● **Problem statement**
Among the lines below, a stretch begins at the one with "Depuley USB Table" and ends at the one with "Comparison presentation slide layout". Repeat that stretch exactly, ends included.

● **Supplied material**
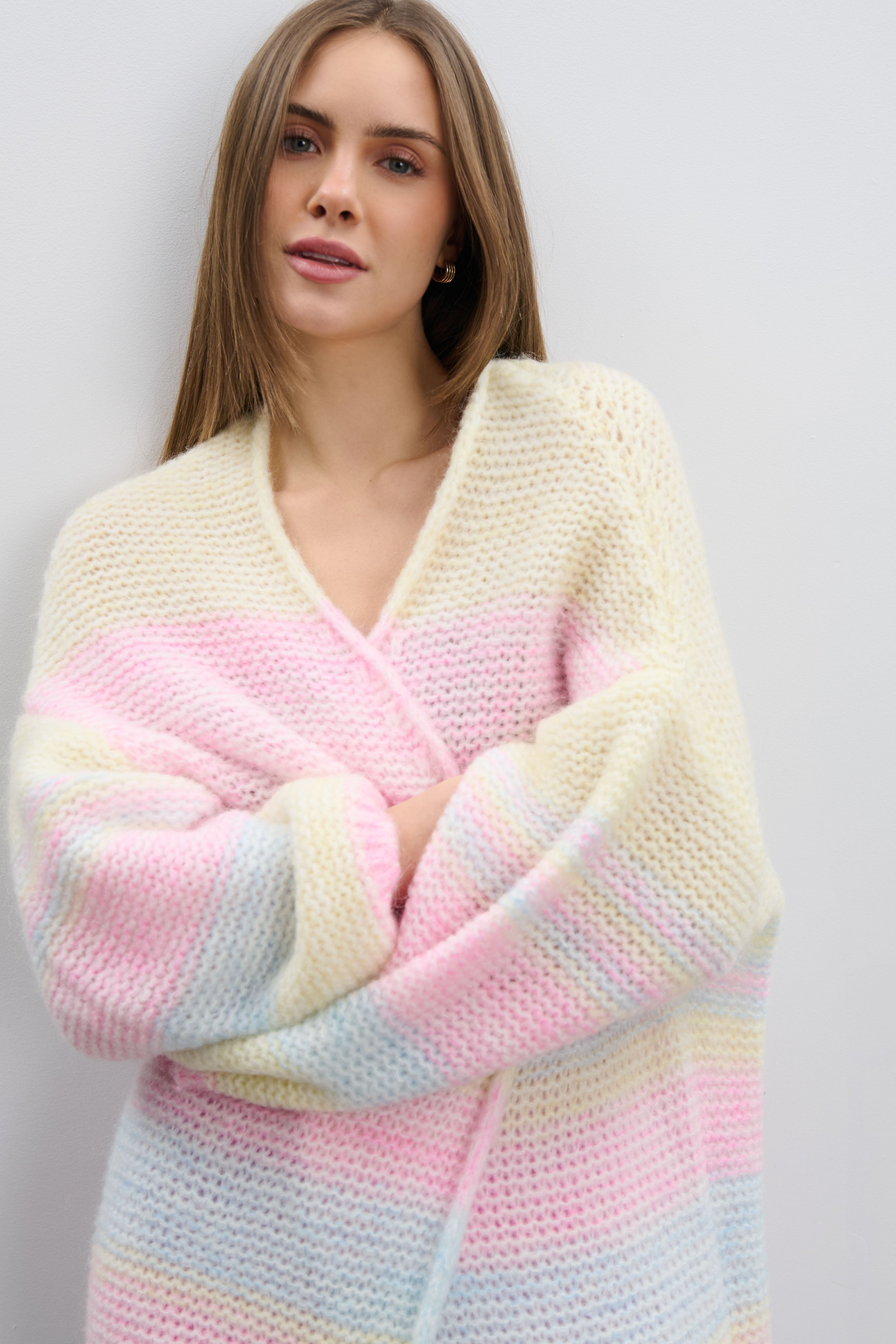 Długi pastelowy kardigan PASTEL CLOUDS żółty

==

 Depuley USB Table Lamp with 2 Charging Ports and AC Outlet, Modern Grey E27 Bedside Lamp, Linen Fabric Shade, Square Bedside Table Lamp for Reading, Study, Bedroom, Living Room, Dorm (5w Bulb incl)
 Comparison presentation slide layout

● **Answer section**
 Depuley USB Table Lamp with 2 Charging Ports and AC Outlet, Modern Grey E27 Bedside Lamp, Linen Fabric Shade, Square Bedside Table Lamp for Reading, Study, Bedroom, Living Room, Dorm (5w Bulb incl)
 Comparison presentation slide layout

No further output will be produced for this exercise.